G 1/19, which admits the patentability of a computer-implemented simulation, was the second opportunity for the Enlarged Board of Appeal to rule on the assessment of the patentability of computer-implemented inventions. Did it take advantage of this One More Chance or was it only One More Time?
At any rate, here, I will only briefly comment these statements in relation to my favorite topic: technicality. And we will see that these statements are interesting! Both on the technicality criterion itself, on the one hand, and on the assessment of technicality, on the other hand.
On the technicality criterion, I have some comments on the basis for this criterion and on its definition by the Enlarged Board.

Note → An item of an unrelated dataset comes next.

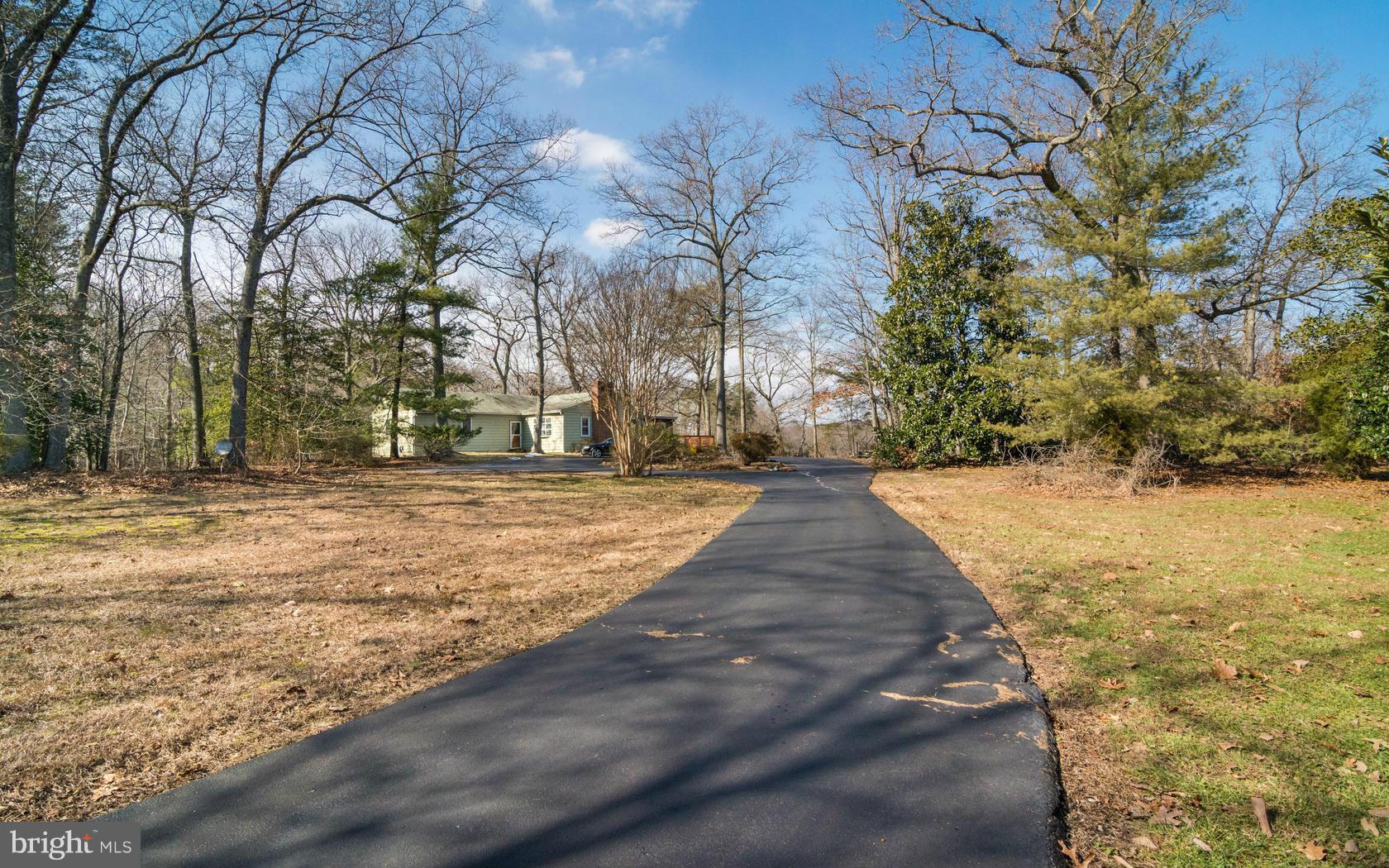 ARBUTUS BANKS - Residential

Concerning the basis, the Enlarged Board recalls, as it is now customary inventions must be patentable “in all fields of technology” (Article 27 TRIPS, introduced into article 52 EPC in 2000). Thus, according to the Enlarged Board, this expression would imply a requirement of technicality, which does not appear explicitly in the EPC. I believe this to be wrong for two reasons.

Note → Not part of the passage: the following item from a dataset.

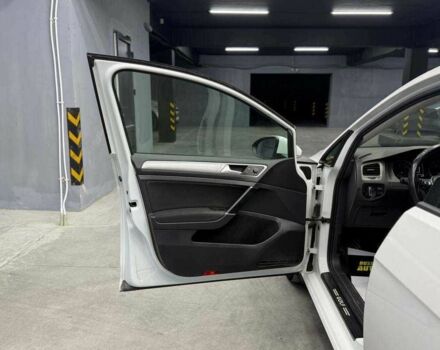 Білий Фольксваген Гольф, об'ємом двигуна 1.6 л та пробігом 231 тис. км за 11400 $, фото 6 на Automoto.ua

Firstly, the expression “in all fields of technology” was introduced into the TRIPS Agreement thanks the United States in order to widen the field of patentability as much as possible. On the contrary, the technical character criterion limits it. Secondly, technical and technological are two distinct words that are often confused, particularly in English, whereas in reality technology is knowledge about a technique. Knowledge about a technique is not the technique: science can provide knowledge about a technique but is not technical knowledge, for example.
Neither the TRIPS nor the European Patent Convention contain an adequate basis for the requirement of technical character, even Article 52 list of exclusions is an imperfect basis (e.g. what are aesthetic creations and computer programs doing in the list when they can be technical?). It seems that EPC should have been revised a long time ago by clearly introducing a condition of technical character.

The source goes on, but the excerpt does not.